Some players have been pleasant surprises, while others bitterly disappointing. You get the point. We've pinpointed one St. Louis "boom" player and one "bust" player from the 2012 Rams season. Commens and criticisms are always welcome.
Boom: Janoris Jenkins, CB
The last time a rookie had four takeaways for touchdowns was 1981, when some defensive back named Ronnie Lott did it, according to the Elias Sports Bureau. For a second-round pick from North Alabama to be mentioned in the same sentence as Lott is an incredible accomplishment and a credit to the front office for drafting a guy like Jenkins, who was labeled a "project."

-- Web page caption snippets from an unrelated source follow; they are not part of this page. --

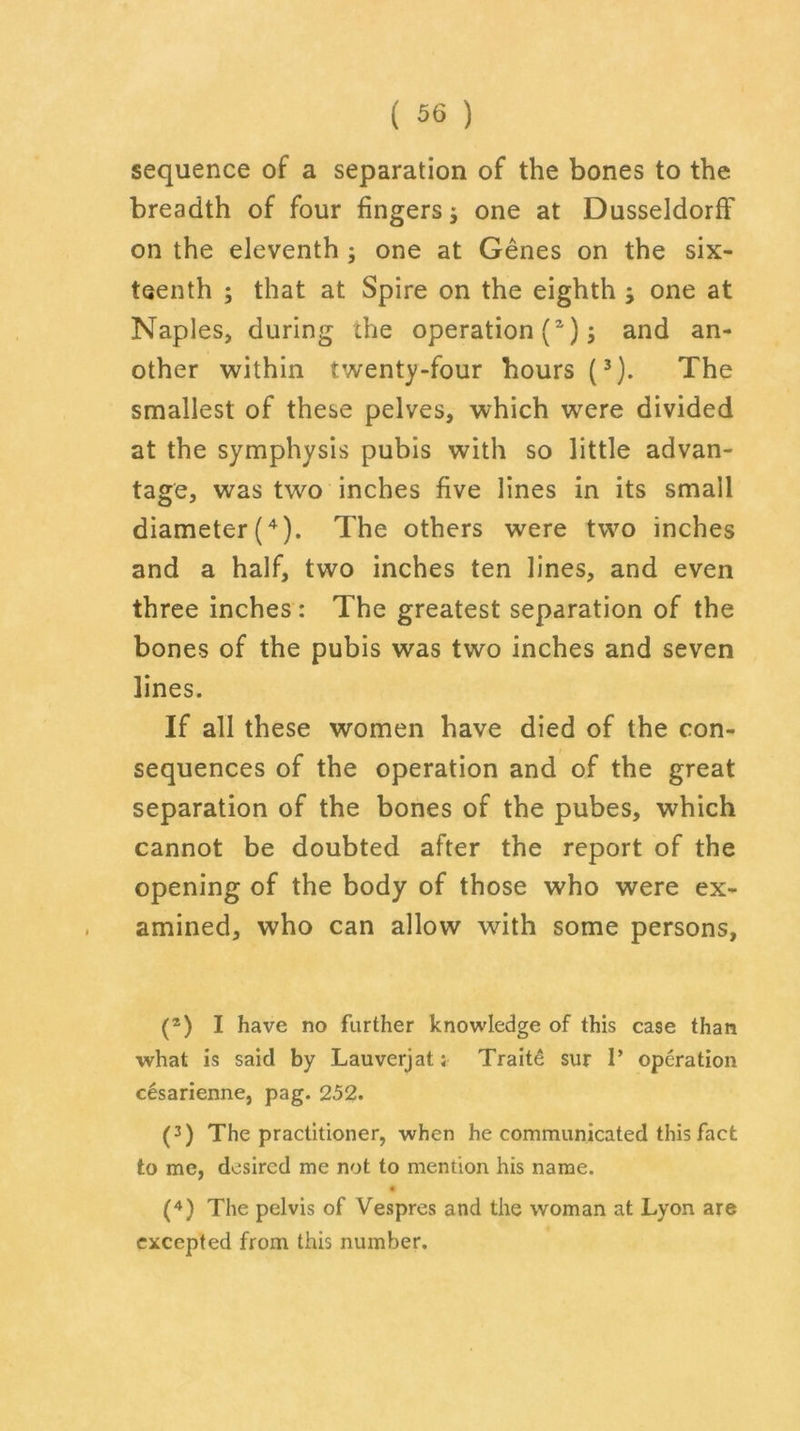 sequence of a separation of the bones to the breadth of four fingers j one at Dusseldorff on the eleventh ; one at Genes on the six- teenth ; that at Spire on the eighth } one at Naples, during the operation (a); and an- other within twenty-four hours (3). The smallest of these pelves, which were divided at the symphysis pubis with so little advan- tage, was two inches five lines in its small diameter (4). The others were two inches and a half, two inches ten lines, and even three inches: The greatest separation of the bones of the pubis was two inches and seven lines. If all these women have died of the con- sequences of the operation and of the great separation of the bones of the pubes, which cannot be doubted after the report of the opening of the body of those who were ex- amined, who can allow with some persons, (2) I have no further knowledge of this case than what is said by Lauverjat; Traite sur 1’ operation cesarienne, pag. 252. (3) The practitioner, when he communicated this fact to me, desired me not to mention his name. (4) The pelvis of Vespres and the woman at Lyon are excepted from this number.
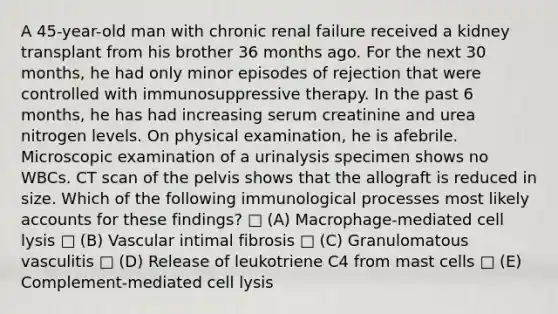 A 45-year-old man with chronic renal failure received a kidney transplant from his brother 36 months ago. For the next 30 months, he had only minor episodes of rejection that were controlled with immunosuppressive therapy. In the past 6 months, he has had increasing serum creatinine and urea nitrogen levels. On physical examination, he is afebrile. Microscopic examination of a urinalysis specimen shows no WBCs. CT scan of the pelvis shows that the allograft is reduced in size. Which of the following immunological processes most likely accounts for these findings? □ (A) Macrophage-mediated cell lysis □ (B) Vascular intimal fibrosis □ (C) Granulomatous vasculitis □ (D) Release of leukotriene C4 from mast cells □ (E) Complement-mediated cell lysis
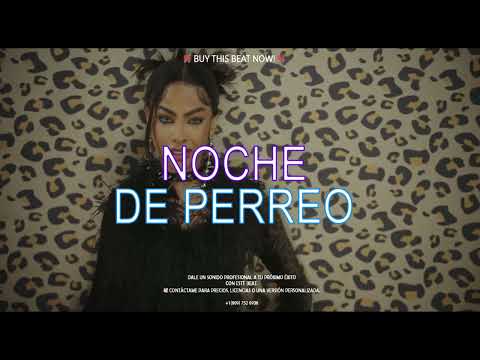 Tokischa ❌ Yailin la mas viral - "NOCHE DE PERREO" Dembow beat Instrumental - Pista de Dembow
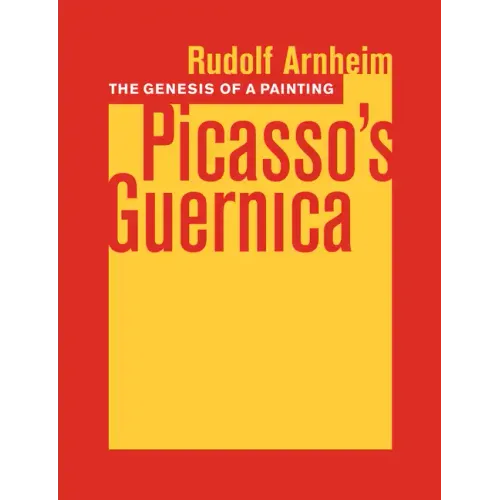 The Genesis of a Painting: Picasso's Guernica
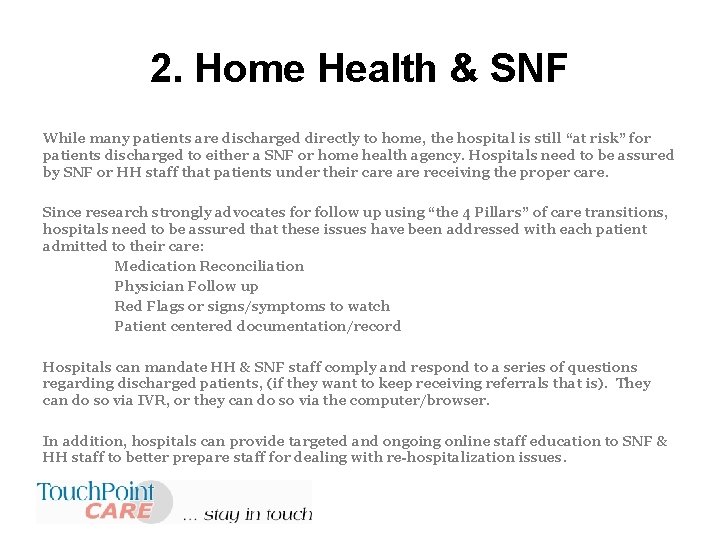 2. Home Health & SNF While many patients are discharged directly to home, the 2. Home Health & SNF While many patients are discharged directly to home, the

In addition to his 73 total tackles and his game-changing turnovers, St. Louis won both the games in which Jenkins returned picks to the house. Jenkins was a major contributing factor in the team's improvement on defense.
Football Outsiders' Defensive-adjusted Value Over Average metric (DVOA) ranked the Rams the No. 21 defense in 2011. Jenkins helped that unit rise to the 7th rated defense in the NFL in DVOA in 2012. The cornerback combination of Jenkins and Courtland Finnegan helped the team give up fewer big pass plays last season. St. Louis allowed only seven passes of 40 or more yards, ranked 10th in the NFL last season, five fewer than the number of big pass plays allowed in 2011.
Clearly the new corner combo is working, and Jenkins was a huge success in 2012.
Bust: Danny Amendola, WR
It's hard to make a significant impact on a football team when you can't stay on the field. Danny Amendola was a fantastic possession receiver, but he's started a total of nine games over the last two seasons combined. His 85-catch season in 2010 is now a distant memory because he's developing a reputation as an injury prone player. He caught 63 balls last year in 11 games, he missed time with a broken collarbone, in eight starts, but on 101 targets. FootballOutsiders rated him the 64th best wide receiver last season at only 40 yards above replacement level. Recently released WR Titus Young was nine spots ahead of Amendola in this ranking.
Let's pretend we shouldn't penalize Amendola because he can't stay healthy. Over the last three games of the regular season, when he was believed to be finally healthy, Amendola was targeted 28 times and recorded only 12 catches for 90 yards. He's now a free agent, and the Rams have to weigh whether an injury-prone possession receiver is worth keeping. Whatever ends up happening to him, he certainly did not help his case in 2012.
While the defense appears to be in good shape, this offseason will be a critical one for the team to improve its offense. Bringing back Amendola would only be prudent if it were at a discount. Jenkins, on the other hand, has a bright future with the team.